# Upset with me?



## Scooter's Family (May 23, 2008)

Is it possible for a puppy to be upset with us? I feel like a crazy person just asking that question!:crazy:

Tuesday Scooter was at the groomer for most of the morning and was a bit odd when he got home, he stuck close to me for the rest of the day and only had one play time.

Wednesday I was gone all day babysitting for my sister but my kids were home with Scooter. They said he whined a lot, kept looking upstairs, didn't want to play much and slept a lot. When I got home he went crazy and played for a long time but kept biting at us. He got up twice last night to go out, we were down to once a night, he threw up a tiny bit after eating this morning and has had an accident in the house. 
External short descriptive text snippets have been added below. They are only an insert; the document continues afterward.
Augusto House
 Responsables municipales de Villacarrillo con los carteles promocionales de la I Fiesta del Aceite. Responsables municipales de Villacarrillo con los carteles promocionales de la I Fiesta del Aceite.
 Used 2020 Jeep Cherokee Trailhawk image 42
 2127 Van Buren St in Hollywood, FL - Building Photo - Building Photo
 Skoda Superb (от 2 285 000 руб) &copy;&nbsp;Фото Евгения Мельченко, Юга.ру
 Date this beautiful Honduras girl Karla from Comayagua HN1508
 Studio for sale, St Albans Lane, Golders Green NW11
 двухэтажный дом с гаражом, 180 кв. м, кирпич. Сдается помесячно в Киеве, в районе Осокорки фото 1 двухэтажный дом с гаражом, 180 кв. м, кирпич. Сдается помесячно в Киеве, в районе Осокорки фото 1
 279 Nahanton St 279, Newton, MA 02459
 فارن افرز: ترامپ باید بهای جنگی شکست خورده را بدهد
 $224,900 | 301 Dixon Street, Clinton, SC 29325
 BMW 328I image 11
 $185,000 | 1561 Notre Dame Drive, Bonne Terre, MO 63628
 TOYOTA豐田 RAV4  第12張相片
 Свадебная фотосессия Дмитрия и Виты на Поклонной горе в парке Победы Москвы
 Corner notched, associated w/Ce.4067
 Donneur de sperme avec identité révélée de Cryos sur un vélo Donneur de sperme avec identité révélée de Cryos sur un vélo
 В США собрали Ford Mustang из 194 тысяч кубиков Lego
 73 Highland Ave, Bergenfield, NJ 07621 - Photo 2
Could he just be out of sorts from what's gone on the past two days or am I reading too much into this? Or could he not be feeling well???


----------



## Havtahava (Aug 20, 2006)

How old is he now? It sounds like his routine was disrupted and he was just trying to figure things out. It is possible that he wasn't feeling well too.

Dogs are all about the pleasure, not about holding grudges or getting upset with people. They don't rationalize things, but they do pick up on our feelings and stress.


----------



## Tritia (Nov 17, 2007)

My dogs are always out of sorts for a few days after getting groomed. 

Hope Scooter is feelin' back to his old self soon


----------



## Scooter's Family (May 23, 2008)

He's about 4 months. I hope he's just out of sorts from having his routine changed around and is back to normal quickly.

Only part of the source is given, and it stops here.